That is, the odds ratio at $x_1+1$ has increased by a factor of $e^k$ relative to the odds ratio at $x_1$.

For more on interpretation, see [this page](https://support.minitab.com/en-us/minitab-express/1/help-and-how-to/modeling-statistics/regression/how-to/binary-logistic-regression/interpret-the-results/all-statistics-and-graphs/coefficients/).

In [None]:
# examine the intercept

logreg.intercept_

**Interpretation:** For an 'al' value of 0, the log-odds of 'household' is -6.01.

In [None]:
# convert log-odds to probability

logodds = logreg.intercept_
odds = np.exp(logodds)
prob = odds / (1 + odds)
prob

In [None]:
# examine the coefficient for al

list(zip(feature_cols, logreg.coef_[0]))

**Interpretation:** A 1 unit increase in 'al' is associated with a 3.12 unit increase in the log-odds of 'household'.

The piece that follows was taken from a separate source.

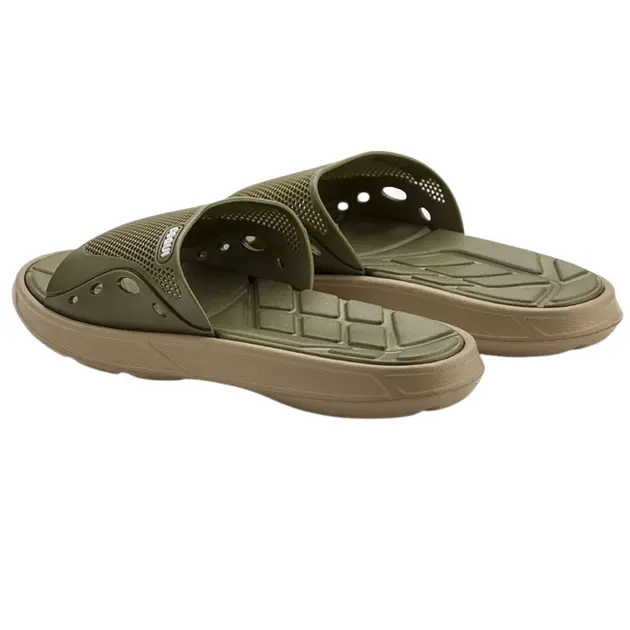 Slippers COQUI 6194 Beige/Army green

Let's verify this as we change the aluminum content from 1 to 2.

In [None]:
# Prediction for al=1

pred_al1 = logreg.predict_proba([[1]])
pred_al1

In [None]:
# Odds ratio for al=1

odds_al1 = pred_al1[0][1] / pred_al1[0][0]

In [None]:
# Prediction for al=2
pred_al2 = logreg.predict_proba([[2]])
pred_al2

In [None]:
# Odds ratio for al=2

odds_al2 = pred_al2[0][1] / pred_al2[0][0]

In [None]:
print((np.exp(logreg.coef_[0]) * odds_al1)[0])
print(odds_al2)

### Use Coefficients to Generate Prediction

In [None]:
# compute predicted log-odds for al=2 using the equation

logodds = logreg.intercept_ + logreg.coef_[0] * 2
logodds

In [None]:
# convert log-odds to odds

odds = np.exp(logodds)
odds

In [None]:
# convert odds to probability

prob = odds / (1 + odds)
prob

In [None]:
# compute predicted probability for al=2 using the predict_proba method

logreg.predict_proba(np.array([2]).reshape(1, 1))[:, 1]

# Exercise

Split the data below into train and test, and then convert the y-values (`geysers.kind`) into 1's and 0's. Then use `sklearn` to build a logistic regression model of whether Old Faithful's eruption wait time is long or short, based on the duration of the eruption. Finally, find the points in the test set where the model's prediction differs from the true y-value. How many are there?

In [None]:
geysers = sns.load_dataset('geyser', **{'usecols': ['duration', 'kind']})

In [None]:
geysers.head()

# Level Up

## More Generalizations: Other Link Functions, Other Models

Logistic regression's link function is the logit function, but different sorts of models use different link functions.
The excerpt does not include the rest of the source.